Dual-Output X-Mo Slo-Mo Camera From Inertia Unlimited Makes Debut At British Open

Inertia Unlimited’s long awaited X-Mo with dual outputs, allowing the camera to pump out a full-speed output for live broadcasts while simultaneously capturing slow-motion images, as well as offering improved sensitivity and even greater frame-rate flexibility, is making its debut this weekend for ABC Sports/ESPN coverage of the British Open from Royal Birkdale in England.

“This is the camera we’ve been waiting for,” says Jeff Silverman, Inertia Unlimited founder and owner. “Our customers will be able to use a live, un-interrupted feed without fear of missing a replay and the camera operator can even mark clips while the camera is playing out.”

Look for it to be used for HBO Boxing as well as NBC Olympics coverage of gymnastic and track-and-field events in Beijing.

At the British Open the camera will record 720p/50 images that will then be downconverted at the production unit (the British Open will be broadcast in SD, the last major sporting event to remain in SD). Silverman says he expects to do some experimenting with capturing SD images at upwards of 13,000 frames per second while HD images on the new Vision Research V12 camera can be captured at up to 6,933 frames per second, more than six times faster than previous cameras. The realistic limit for frame rates for golf coverage, however, is in the 1,000 to 2,000-frame range.

“We’ll be shooting head-to-toe shots during the tournament at 1,000 frames a second because a full golf swing is typically two seconds long and any more frames than that and it will take too long for replay,” says Silverman. “But for super-tight shots of the ball hitting a club, which are much shorter events than a full swing, we’ll crank up the frame rate.”
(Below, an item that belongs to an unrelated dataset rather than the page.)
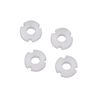 Machined Shock Piston 7mm 1.5x3 Axial AX30132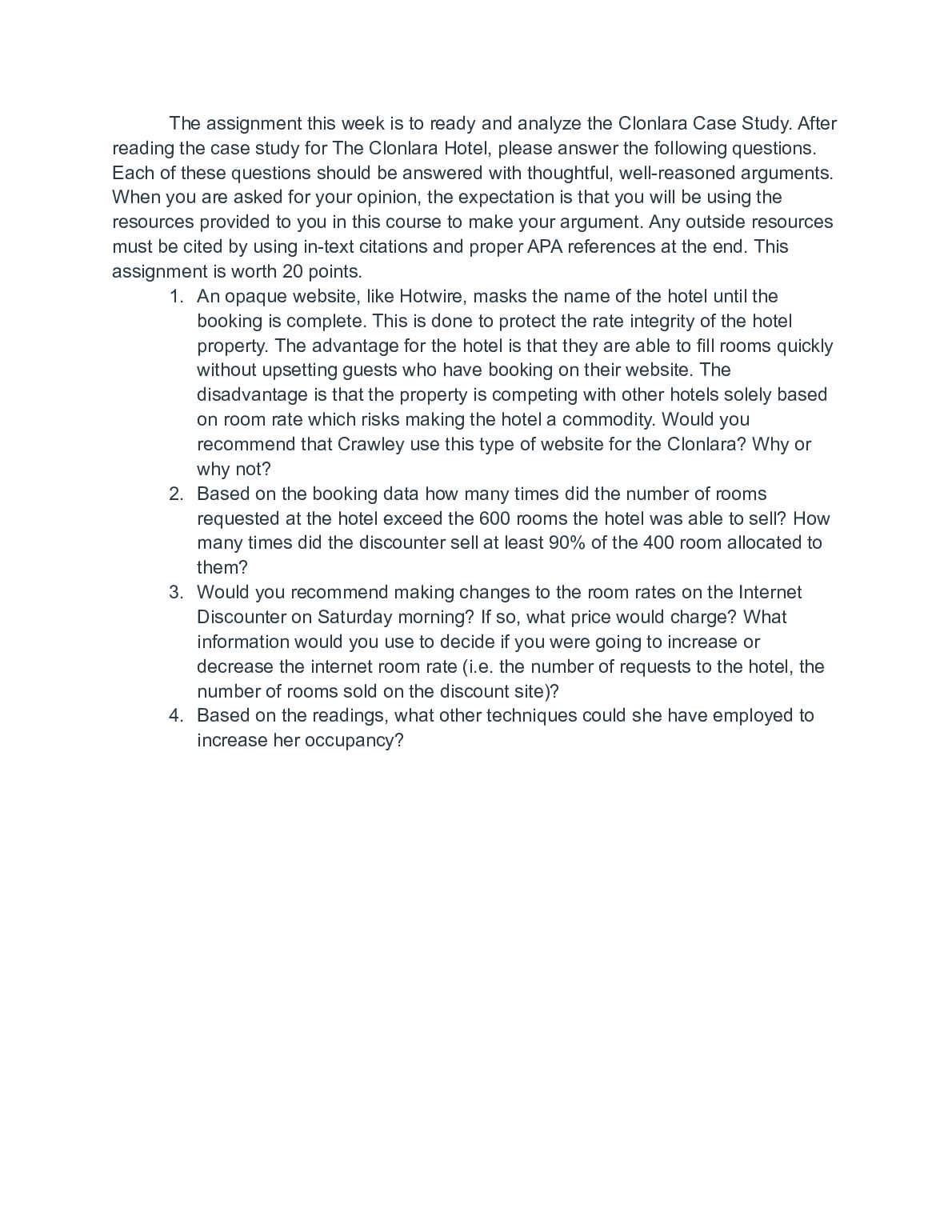 HMD_440_Assignment_1.pdf.pdf Preview 1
The new camera also features an improved imager that, depending on the lens type, can offer improvements from one-half of an f-stop (for B-type lenses) to two full stops (for PL mount film-style lenses).

The camera is being used in a dual-configuration for the Open: an RF configuration, with the help of a Gigawave HD Cam Link provided by CTV during the actual tournament and then in an ENG configuration during practice days and off-the-course recording. A Fujinon HA22x7.8 B4 mount lens and a Sony 16:9 CRT viewfinder are used handheld configuration and IDX Lithium Ion batteries power the camera.

For the ENG recording two 8GB flash recording cards are capturing up to 52 minutes of HD material in Quicktime files that can then be immediately dropped into an Avid timeline for editing. Silverman says that two companies, Convergent Design and Fast Forward Video, are working on separate technologies that will bring even more recording capability to the camera.

“Convergent Design will use four 32 GB compact flash cards to record more than an hour of mildly compressed HD while Fast Forward Video will use flash-based SATA drives with 128 GB of memory,” says Silverman. “The beauty of flash is you never have to worry about blowing up a hard drive.”

Having a one-pound, flash-based recording pack will lessen the load on the system. Last year a 15-pound Panasonic HD DVCPRO deck was used for recording.

But the real revolution continues to be RF transmission. “Last year we were tied to the tee box but this year we can go to every location where there is a compelling shot, whether it’s in the rough or in a bunker,” says Silverman.